Cyclone Season Already?
We’ve seen wild winter weather all over the West Coast in the last few weeks. But a cyclone? Already?
“Typhoon Wutip is currently gathering strength just south of Guam, making it the first typhoon of 2019 and just the second one on record to spin up in this part of the Pacific in February,” according to Gizmodo, which was quoting data from the National Oceanic and Atmospheric Administration.
On Friday, Wutip had winds of 120 mph, which is the equivalent of a Category 3 hurricane. Wave heights are said to be in the 40-ft range.
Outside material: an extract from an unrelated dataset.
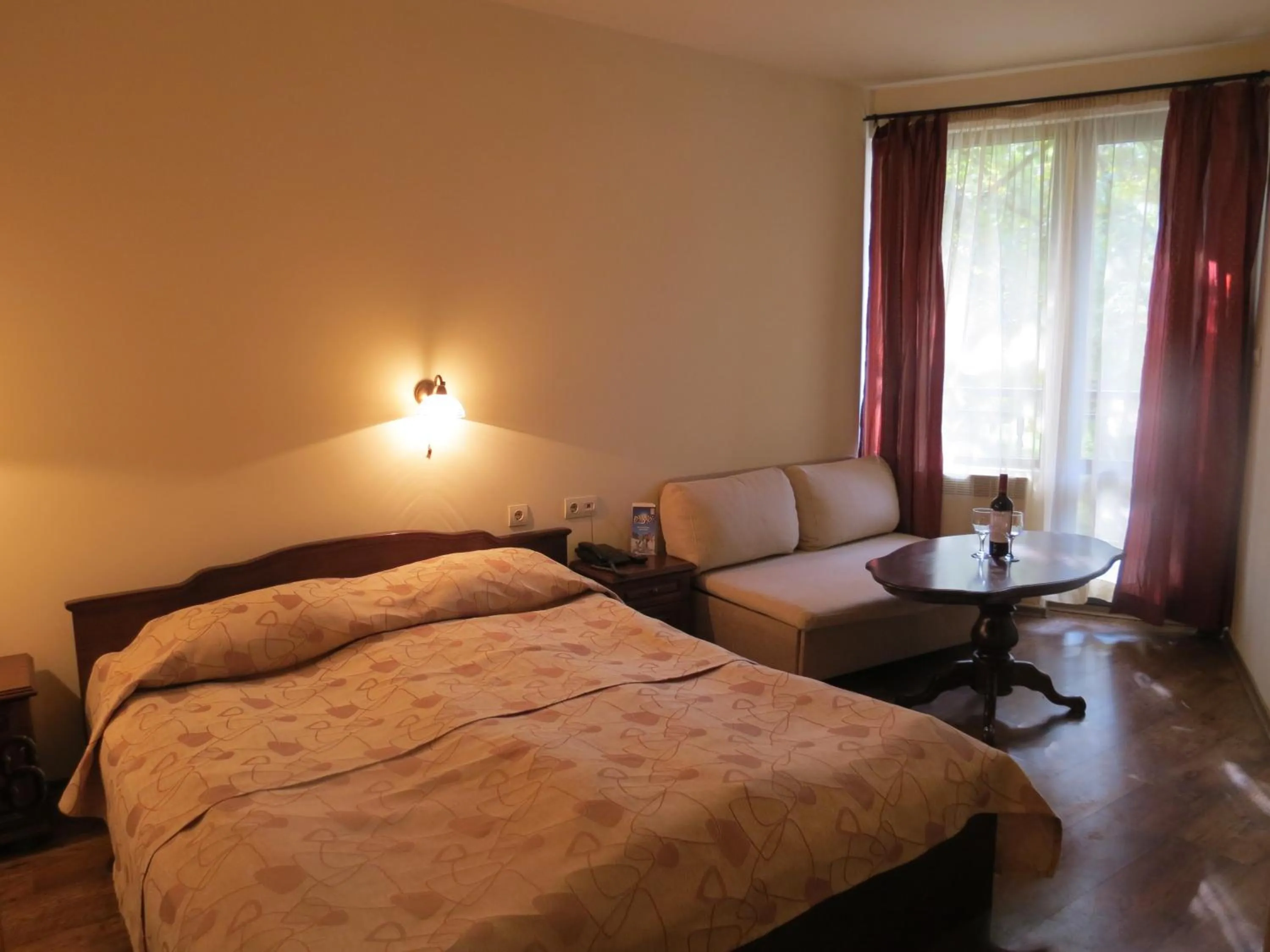 Photo of the whole room, Bed in Family complex Mountain Romance Apartments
“All this puts Guam in a weird spot of having to prepare for possible typhoon impacts in what is essentially the off-season,” Gizmodo continued. “It currently sits on the outer edge of the cone of probability for where the storm could track with the southwest tip of the island most at-risk. But even if Guam doesn’t get a direct hit, the storm’s winds and rains could still lash the island. Tropical storm-force winds (that is, winds in excess of 39 mph) currently extend 184 miles to the northeast of the storm’s core and hurricane-force winds extend 46 miles outward. Given Wutip’s northward turn and that the storm is already less than 160 miles from Guam’s shores, it is all but certain the island will feel the storm’s effects in some form.”
It is my understanding that, in the Northern Hemisphere, hurricanes are traditionally given names starting at the top of the alphabet at season’s start, and progressing toward “Z” as the season wears on. Do they do the opposite with cyclones in the Southern Hemisphere? I suppose that would be logical.